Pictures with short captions
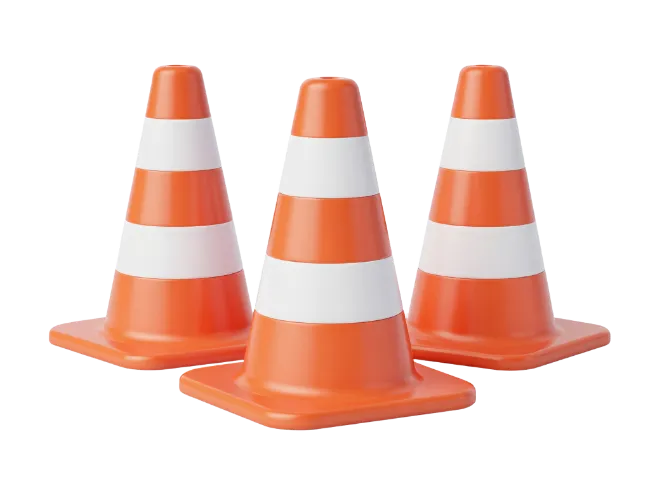 Three Orange and White Traffic Cones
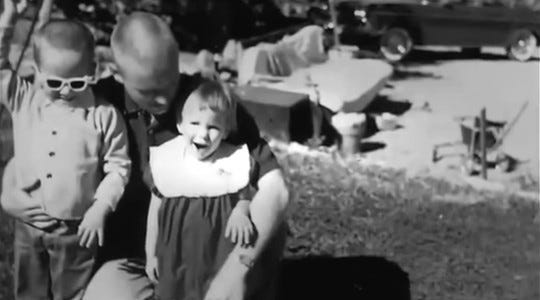 A black and white family photograph, taken outdoors.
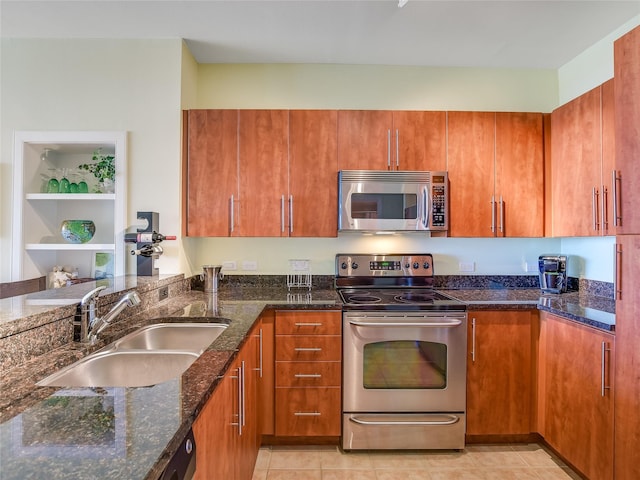 kitchen featuring stainless steel appliances, dark stone countertops, light tile patterned flooring, and sink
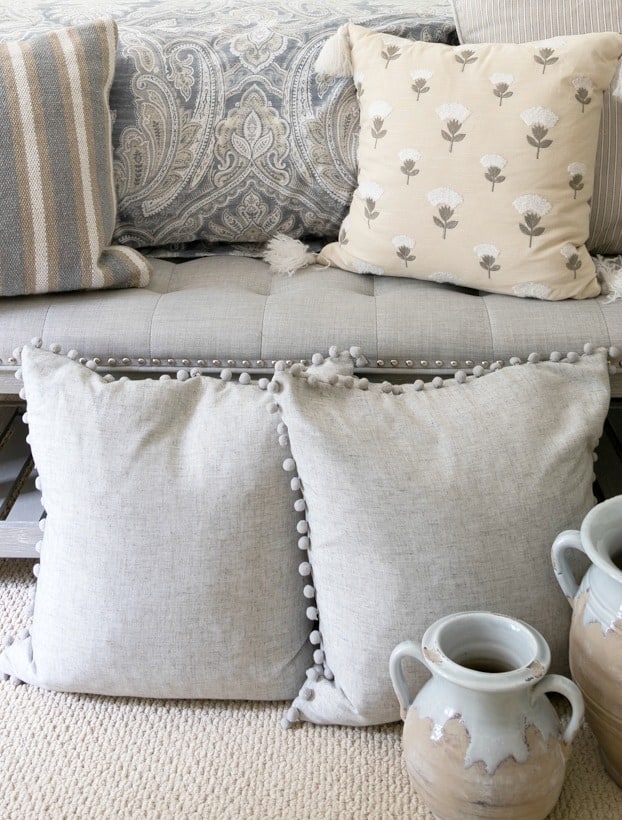 bedding and pillows in neutral colors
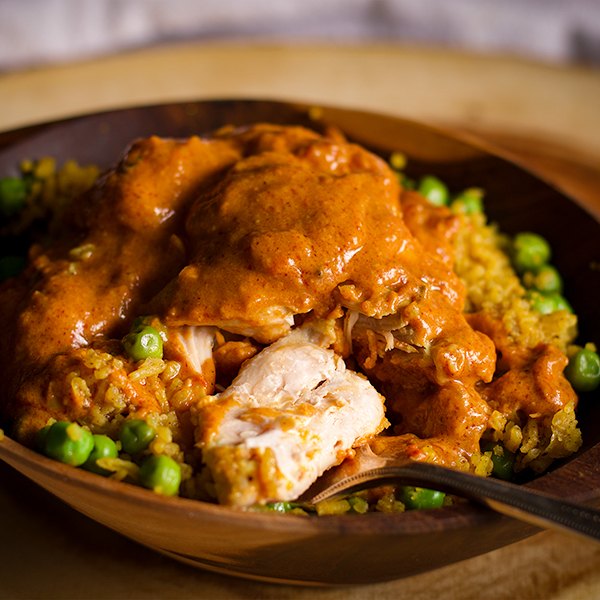 A bowl of Homemade Indian Butter Chicken with Indian Rice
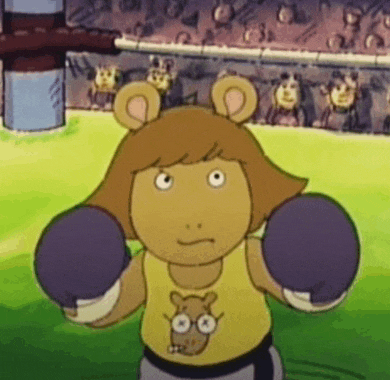a cartoon character wearing boxing gloves and a yellow shirt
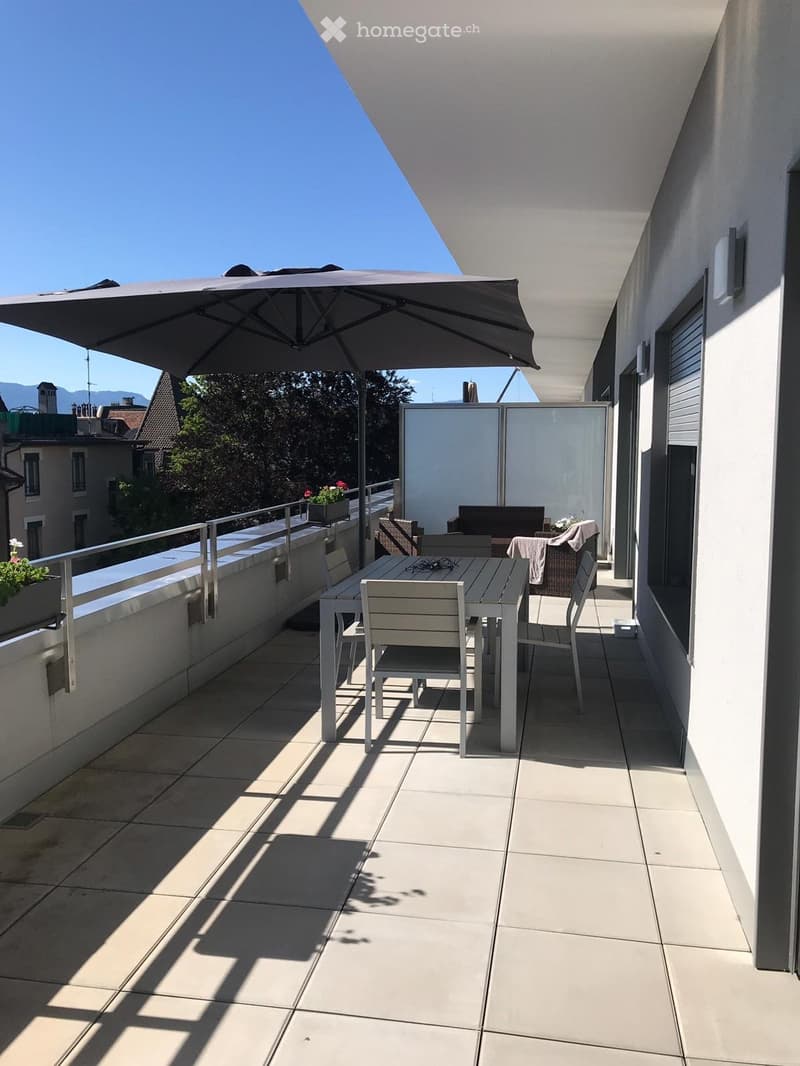 Balcony with a tiled floor, a white table and chairs, an umbrella, and a view of the city and mountains.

■ What the task asks: With the pictures set aside, please write out all of the records above exactly.

■ Exercise output:
 Three Orange and White Traffic Cones
 A black and white family photograph, taken outdoors.
 kitchen featuring stainless steel appliances, dark stone countertops, light tile patterned flooring, and sink
 bedding and pillows in neutral colors
 A bowl of Homemade Indian Butter Chicken with Indian Rice
a cartoon character wearing boxing gloves and a yellow shirt
 Balcony with a tiled floor, a white table and chairs, an umbrella, and a view of the city and mountains.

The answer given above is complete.